De Bono's Six Thinking Hats - chegra
http://en.wikipedia.org/wiki/Six_Thinking_Hats

======
allertonm
At a former employer we all got trained on this and used it for a few weeks
before reverting to our old bad habits :)

I generally approach these kinds of methods with some skepticism - it is a bit
7-habits-ish - but one thing I did like about this one was that you could look
at it as "design patterns for productive meetings", in that you could ask
yourself what the goal of the meeting was and work from there to identify the
right way to structure it. However I definitely attended too many meetings
where the goal ended up being following the 6TH plan to the death rather than
reaching a real goal.

------
bonsaitree
All we're missing is violet, indigo, and orange. Then we'd have a full Green
Lantern Corps ;).

I can understand the philosophical underpinnings, but honestly, it smells of
7-Habits-esque management "science" , and worse, a pure sales ploy for
consulting.

At least 5-Whys ( <http://en.wikipedia.org/wiki/5_Whys> ) and Six Sigma (
<http://en.wikipedia.org/wiki/Six_Sigma> ) have show actual quantifiable
improvements in industry.

------
ZeroGravitas
I quite like this system, though not as a "brain" thing as it seems to be
presented here, but as a social system for working together better.

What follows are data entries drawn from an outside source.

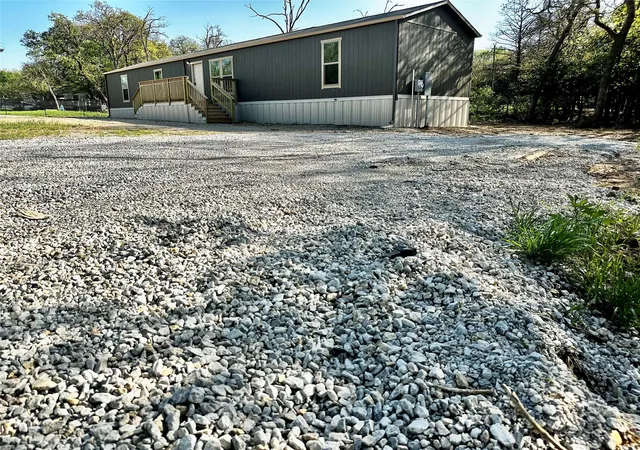 Homes for sale in Valley View, TX | 353 Conastoga Rd, Valley View, TX 76272 | MLS# 21230996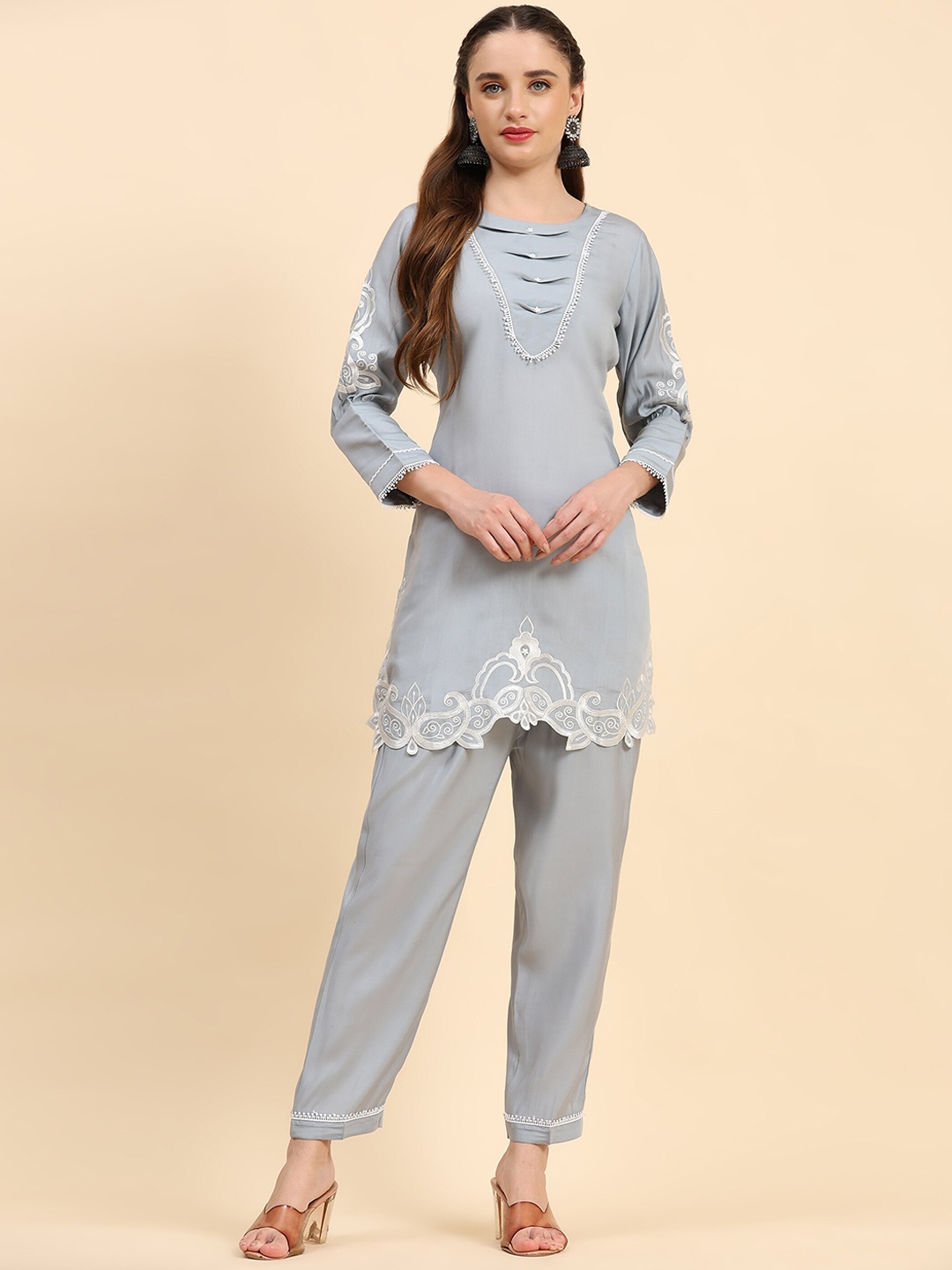 

Growish Embroidered Regular Kurti with Trousers, Grey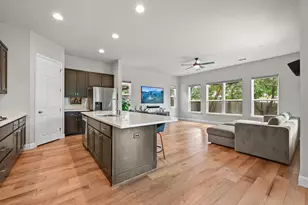 8813 Jodie Ln, Austin, TX 78748 - Photo 13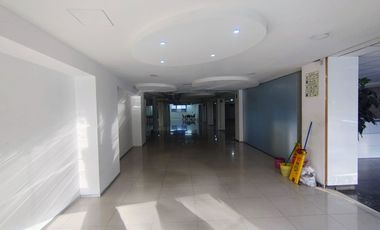 Edificio en renta San Miguel de Chapultepec, cerca de constituyente DG25-1119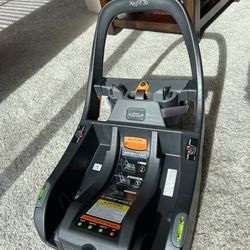 Chicco KeyFit35 Car Seat Base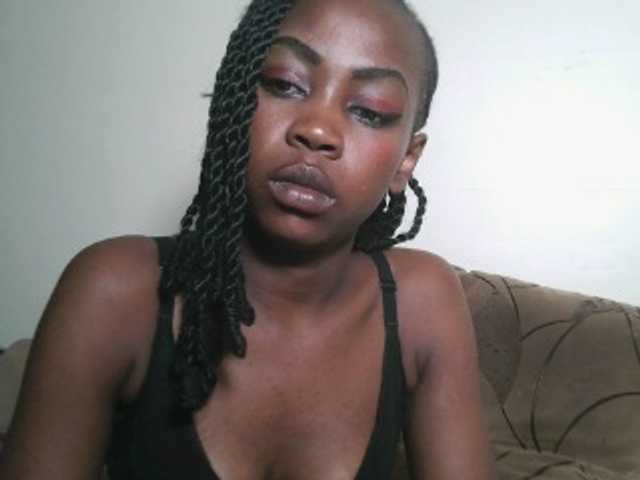 Prettyshanz1's BongaCams show and profile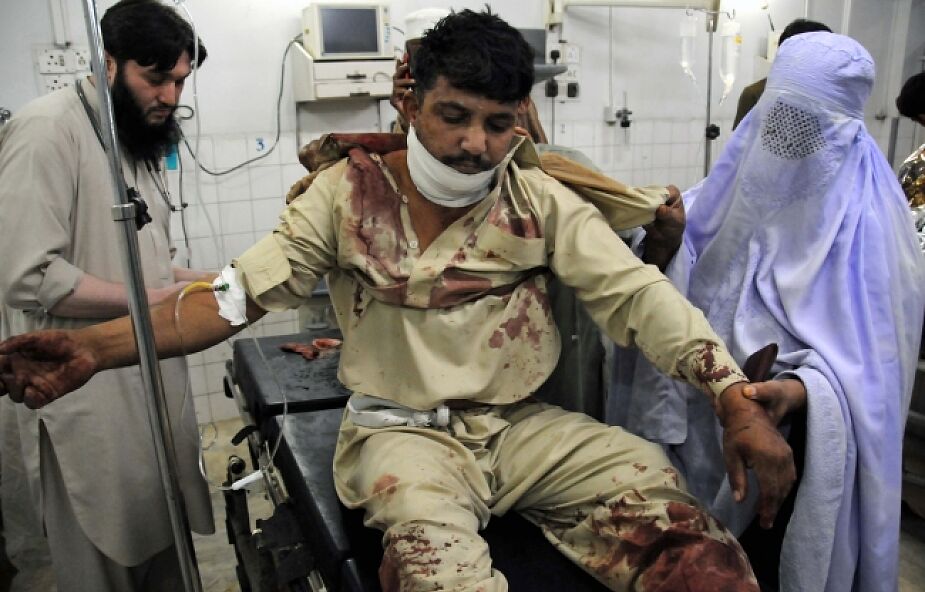 Pakistan: zamach samobójczy; 6 zabitych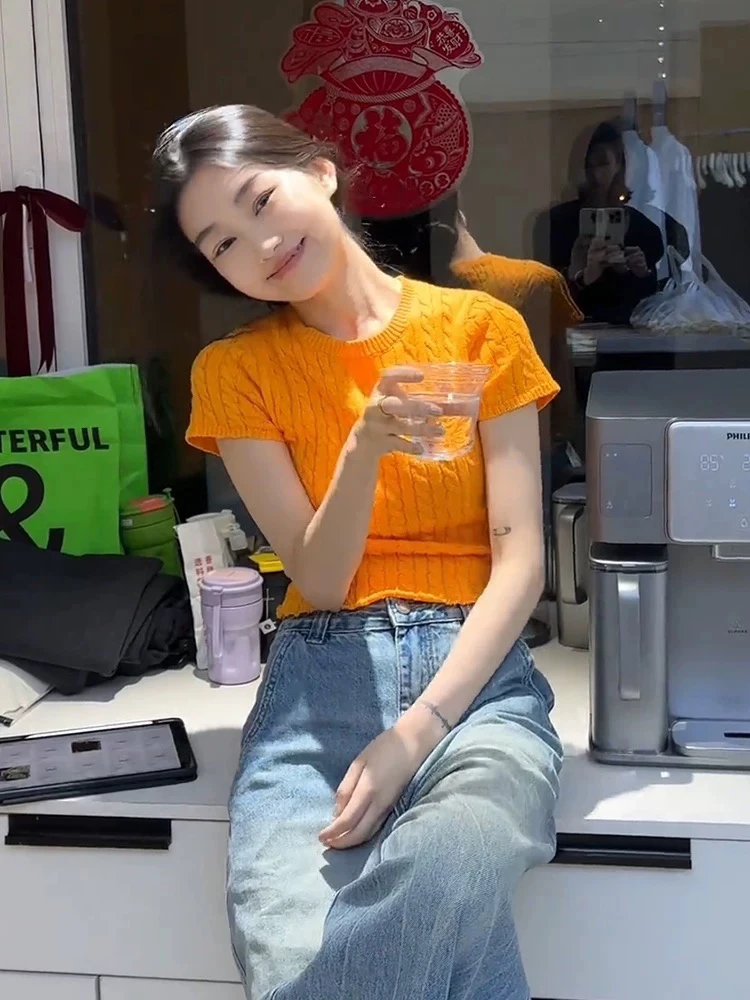 【WGWE】夏季2025年新款美式正肩辣妹麻圆领白色显瘦针织衫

Just as "brainstorming"[1] is just a way of saying _don't jump down my throat
with questions and problems when I'm trying to think_ , the six hats system
lets people say in a meeting "I have a bad feeling about this" and acknowledge
their feelings rather than try to shoot it down technically because vague
misgivings aren't as valued as they should be.

[1] Apparently brainstorming doesn't work, though I think the research
compared people coming up with ideas alone, whereas brainstorming is supposed
to make communal idea generation better. Maybe it still does that, but still
can't beat independant idea generation.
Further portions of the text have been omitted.